Task goal ::
Exactly the lines from the opening of the data through the line containing "5 A4 Schriften" should be reproduced, please, with nothing added.

Input records ::
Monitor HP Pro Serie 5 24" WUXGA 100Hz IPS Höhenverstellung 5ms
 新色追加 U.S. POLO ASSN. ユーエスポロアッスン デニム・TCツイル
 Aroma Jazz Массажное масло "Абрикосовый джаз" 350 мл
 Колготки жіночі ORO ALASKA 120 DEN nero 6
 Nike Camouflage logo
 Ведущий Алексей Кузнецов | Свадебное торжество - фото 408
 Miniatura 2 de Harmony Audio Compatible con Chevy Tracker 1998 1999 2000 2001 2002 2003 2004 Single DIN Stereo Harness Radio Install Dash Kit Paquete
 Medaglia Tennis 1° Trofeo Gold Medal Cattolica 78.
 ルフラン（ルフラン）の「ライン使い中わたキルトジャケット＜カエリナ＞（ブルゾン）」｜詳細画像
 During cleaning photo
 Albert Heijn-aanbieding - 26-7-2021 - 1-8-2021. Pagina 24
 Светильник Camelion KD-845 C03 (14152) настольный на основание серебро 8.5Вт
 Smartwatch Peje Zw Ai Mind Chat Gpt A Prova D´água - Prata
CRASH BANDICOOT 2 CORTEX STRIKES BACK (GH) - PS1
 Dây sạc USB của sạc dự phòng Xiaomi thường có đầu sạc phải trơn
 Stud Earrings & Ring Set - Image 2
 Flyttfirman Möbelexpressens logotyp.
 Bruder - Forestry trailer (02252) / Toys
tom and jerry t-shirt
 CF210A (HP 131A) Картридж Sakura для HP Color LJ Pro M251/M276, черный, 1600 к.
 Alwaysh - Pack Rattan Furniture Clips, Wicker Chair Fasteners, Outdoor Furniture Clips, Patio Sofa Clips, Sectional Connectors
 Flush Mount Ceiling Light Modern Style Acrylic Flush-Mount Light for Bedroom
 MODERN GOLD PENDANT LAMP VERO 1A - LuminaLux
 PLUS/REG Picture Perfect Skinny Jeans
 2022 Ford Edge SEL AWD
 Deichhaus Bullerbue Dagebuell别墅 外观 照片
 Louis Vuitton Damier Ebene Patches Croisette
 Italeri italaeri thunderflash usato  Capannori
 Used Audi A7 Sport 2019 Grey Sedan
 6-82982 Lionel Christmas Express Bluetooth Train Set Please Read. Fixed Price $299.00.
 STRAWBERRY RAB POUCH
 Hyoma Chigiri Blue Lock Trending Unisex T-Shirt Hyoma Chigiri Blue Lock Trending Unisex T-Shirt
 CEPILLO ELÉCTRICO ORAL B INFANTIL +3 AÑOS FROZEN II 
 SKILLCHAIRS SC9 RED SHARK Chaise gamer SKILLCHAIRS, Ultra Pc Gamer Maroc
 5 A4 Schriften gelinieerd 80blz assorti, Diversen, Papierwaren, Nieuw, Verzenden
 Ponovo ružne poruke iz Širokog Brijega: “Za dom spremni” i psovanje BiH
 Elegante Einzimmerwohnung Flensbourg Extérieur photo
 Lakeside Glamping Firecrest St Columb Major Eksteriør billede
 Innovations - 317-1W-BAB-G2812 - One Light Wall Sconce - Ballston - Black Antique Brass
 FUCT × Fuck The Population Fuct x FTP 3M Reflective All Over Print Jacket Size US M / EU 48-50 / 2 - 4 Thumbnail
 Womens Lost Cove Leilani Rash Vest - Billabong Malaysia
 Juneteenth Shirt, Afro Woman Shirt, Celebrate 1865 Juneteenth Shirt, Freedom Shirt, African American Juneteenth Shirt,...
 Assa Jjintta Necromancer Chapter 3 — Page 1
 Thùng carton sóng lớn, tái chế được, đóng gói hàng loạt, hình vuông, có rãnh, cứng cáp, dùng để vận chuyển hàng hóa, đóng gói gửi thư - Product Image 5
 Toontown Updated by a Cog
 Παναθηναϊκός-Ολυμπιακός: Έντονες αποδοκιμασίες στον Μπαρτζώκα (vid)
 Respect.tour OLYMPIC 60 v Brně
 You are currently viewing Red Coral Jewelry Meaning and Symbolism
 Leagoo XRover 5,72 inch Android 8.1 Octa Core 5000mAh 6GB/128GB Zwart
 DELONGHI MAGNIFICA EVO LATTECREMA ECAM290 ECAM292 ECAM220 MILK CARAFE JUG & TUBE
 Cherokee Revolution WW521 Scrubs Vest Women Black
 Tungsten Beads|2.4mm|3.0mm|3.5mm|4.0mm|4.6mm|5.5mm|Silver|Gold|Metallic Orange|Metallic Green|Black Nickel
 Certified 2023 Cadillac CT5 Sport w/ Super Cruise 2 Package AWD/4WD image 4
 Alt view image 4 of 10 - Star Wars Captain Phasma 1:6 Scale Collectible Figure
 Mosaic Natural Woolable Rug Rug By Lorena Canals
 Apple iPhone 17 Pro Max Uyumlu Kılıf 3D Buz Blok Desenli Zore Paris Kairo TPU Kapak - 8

Written answer ::
Monitor HP Pro Serie 5 24" WUXGA 100Hz IPS Höhenverstellung 5ms
 新色追加 U.S. POLO ASSN. ユーエスポロアッスン デニム・TCツイル
 Aroma Jazz Массажное масло "Абрикосовый джаз" 350 мл
 Колготки жіночі ORO ALASKA 120 DEN nero 6
 Nike Camouflage logo
 Ведущий Алексей Кузнецов | Свадебное торжество - фото 408
 Miniatura 2 de Harmony Audio Compatible con Chevy Tracker 1998 1999 2000 2001 2002 2003 2004 Single DIN Stereo Harness Radio Install Dash Kit Paquete
 Medaglia Tennis 1° Trofeo Gold Medal Cattolica 78.
 ルフラン（ルフラン）の「ライン使い中わたキルトジャケット＜カエリナ＞（ブルゾン）」｜詳細画像
 During cleaning photo
 Albert Heijn-aanbieding - 26-7-2021 - 1-8-2021. Pagina 24
 Светильник Camelion KD-845 C03 (14152) настольный на основание серебро 8.5Вт
 Smartwatch Peje Zw Ai Mind Chat Gpt A Prova D´água - Prata
CRASH BANDICOOT 2 CORTEX STRIKES BACK (GH) - PS1
 Dây sạc USB của sạc dự phòng Xiaomi thường có đầu sạc phải trơn
 Stud Earrings & Ring Set - Image 2
 Flyttfirman Möbelexpressens logotyp.
 Bruder - Forestry trailer (02252) / Toys
tom and jerry t-shirt
 CF210A (HP 131A) Картридж Sakura для HP Color LJ Pro M251/M276, черный, 1600 к.
 Alwaysh - Pack Rattan Furniture Clips, Wicker Chair Fasteners, Outdoor Furniture Clips, Patio Sofa Clips, Sectional Connectors
 Flush Mount Ceiling Light Modern Style Acrylic Flush-Mount Light for Bedroom
 MODERN GOLD PENDANT LAMP VERO 1A - LuminaLux
 PLUS/REG Picture Perfect Skinny Jeans
 2022 Ford Edge SEL AWD
 Deichhaus Bullerbue Dagebuell别墅 外观 照片
 Louis Vuitton Damier Ebene Patches Croisette
 Italeri italaeri thunderflash usato  Capannori
 Used Audi A7 Sport 2019 Grey Sedan
 6-82982 Lionel Christmas Express Bluetooth Train Set Please Read. Fixed Price $299.00.
 STRAWBERRY RAB POUCH
 Hyoma Chigiri Blue Lock Trending Unisex T-Shirt Hyoma Chigiri Blue Lock Trending Unisex T-Shirt
 CEPILLO ELÉCTRICO ORAL B INFANTIL +3 AÑOS FROZEN II 
 SKILLCHAIRS SC9 RED SHARK Chaise gamer SKILLCHAIRS, Ultra Pc Gamer Maroc
 5 A4 Schriften gelinieerd 80blz assorti, Diversen, Papierwaren, Nieuw, Verzenden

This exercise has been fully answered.